Good afternoon, and apologies for cross-posting:

I'm writing to announce a series of events that I have co-organized with
Thorsten Ries (UT Austin, Germanic Studies) and the UT Austin iSchool
colloquium series.

The first event has already occurred, but there's still time to join us for
the next two panels! We also have a video recording available from the
first event (See below).

Series Description:
This series features international subject expert talks from the libraries
and archives sector, a digital investigation collective and from the
cybersecurity sector to consider born-digital evidence from a Historical
Scholarship and Humanities perspective. Our digital present poses
challenges to long-term preservation and curation of born-digital archives,
but also to their cautious selection, critical appraisal and methodological
analysis and interpretation as historical evidence. Establishing, proving
and maintaining the chain of digital evidence, evaluating the evidential
status of born-digital sources and interpreting the traces of historical
digital events will be the daily practice of historians studying our
present time.
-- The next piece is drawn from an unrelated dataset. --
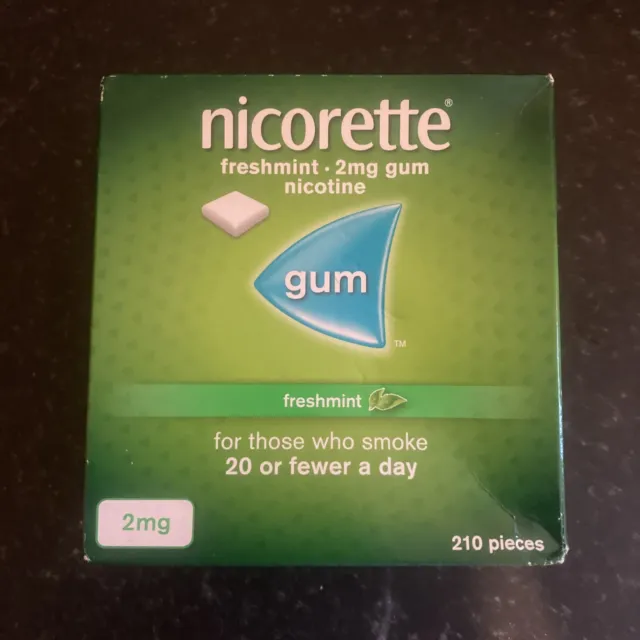 Chicorette Freshmint goma de nicotina sin azúcar, 2 mg - paquete de 210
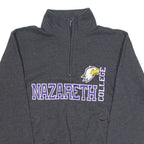 CHAMPION Nazareth College Mens Sweatshirt Grey 1/4 Zip USA S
The talk series Born-digital Evidence and Historical
Scholarship is a starter for the conversation about how we establish this
practice and build the skillsets, standards and procedures for Historical
Scholarship and the Humanities in coordination with libraries and archives.


EVENT 1:
Aric Toler (Bellingcat) and Charlotte Godart (Bellingcat)
Date: April 12, 10-11:30am CST

Aric Toler is the training and research director at Bellingcat, an online
publication specialized in open-source intelligence. Aric's research
including Russian intelligence operations, the war in the Donbas, and the
2014 downing of Malaysian Airlines Flight 17 over eastern Ukraine. Aric
received his Master's degree in Slavic Languages & Literatures from the
University of Kansas in 2013 and has since been working with Bellingcat.

Charlotte Godart is an open source investigator & trainer for Bellingcat.
She researches conflict zones, breaking news events, and the spread of
disinformation. She creates online training material that is available for
anyone interested in pursuing digital verification through the Bellingcat
website. She also travels globally to teach online verification techniques
and methodology to journalists, researchers, activists, and lawyers. Before
Bellingcat, she was at the Human Rights Center at UC Berkeley.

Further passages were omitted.